Exotic Gardening with Rare and Strange Plants

Can you believe I’ve only been a plant lunatic for five years now? Oh how time flies when you spend afternoons watching seedlings mature into trees. An interest in marigolds evolved into caudiciforms, a curiosity¬†turned into obsession. On the hot days of summer I find myself chasing watering cans, from greenhouse to back yard, why is my life so utterly un-irrigated. Plants hold precedence, and drink they must.

I work at a flower factory, come home and admire them some more. I remember days when it was all shades of green, a lacking of understanding created a visual blindness. I’ve always been fascinated in watching people’s observational skills, it’s interesting to see what people pick up on and notice. Some friends and acquaintances visit the back yard grotto with little more then a “hey nice” while others leave amazed. I often find myself planting, manicuring and nurturing the collection with the momentum of some greater purpose, but inherently it’s all for selfish reasons. No one will notice the intricacy of my madness, much like painting, it’s the sum of the whole.

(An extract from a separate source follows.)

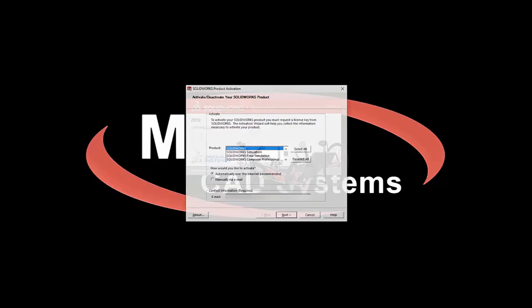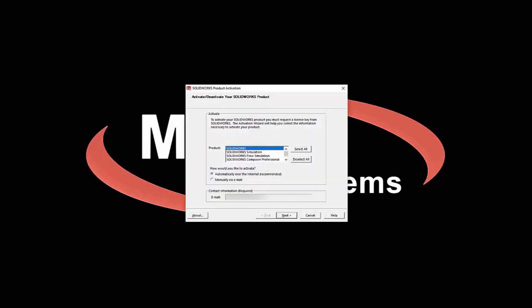When SOLIDWORKS opens, a prompt will appear asking you to activate your licenses. Simply select the products you would like to activate, choose to activate automatically over the internet, enter in your email address, and hit Next.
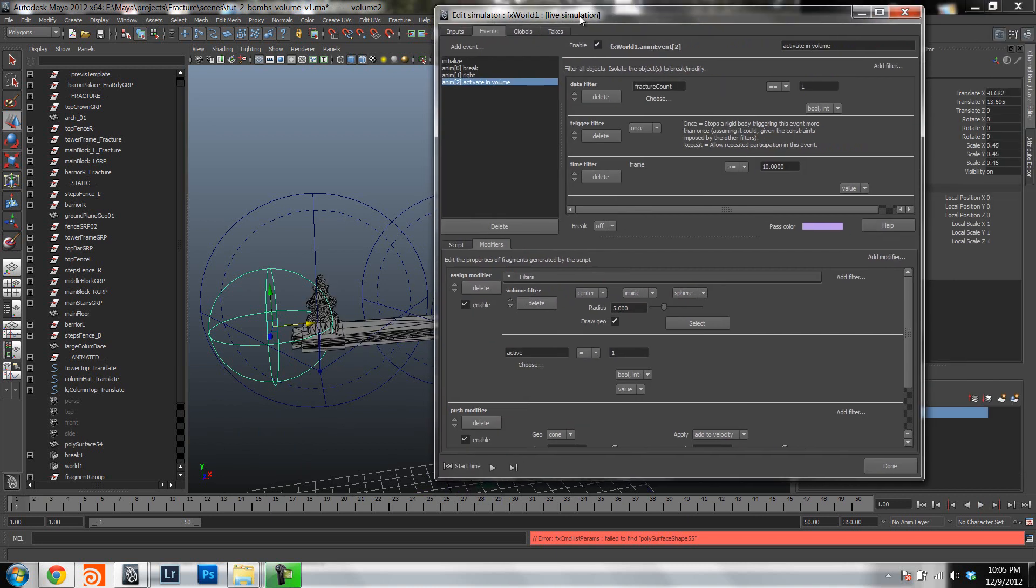So like I said in the next tutorial, we will be doing a very similar thing. But instead of using volumes, we will be using painted textures. Thank you and have a good day.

Today I gave a tour of the greenhouse and my collection to some of the Cacti and Succulent Society members. Of course wouldn’t you know it, plan a garden tour, expect rain. It was fun but wet, talking amongst the other enthusiasts it’s apparent I’ve gone over the deep end. Plants aren’t just a hobby to me, they have become a way of life. While I could imagine eventually downgrading the collection, I could never be without plants all together. I’ve lost interest in following the hot new bands, video-games and bar flies, the latest botanical oddity seems to excite me more. Let’s take a break from gardening and go check out some nurseries, or maybe we could go visit a park and stare at some old growth specimens…

Plants ruined my life, and if you’re not careful, they could ruin yours too.¬†

Planning a trip south of the border, perhaps down to California to check out some botanical gardens and maybe swerve in to see a desert or two. Any botanical stops I shouldn’t miss? Comments and suggestions welcome!


A rather charming shot of 3 of my favorite plants. The echium just don’t quit.


A small crop of seed grown echiums. If my specimen at home doesn’t flower, one of these will!


Speaking of seed grown, these canna lilies are looking quite nice right now.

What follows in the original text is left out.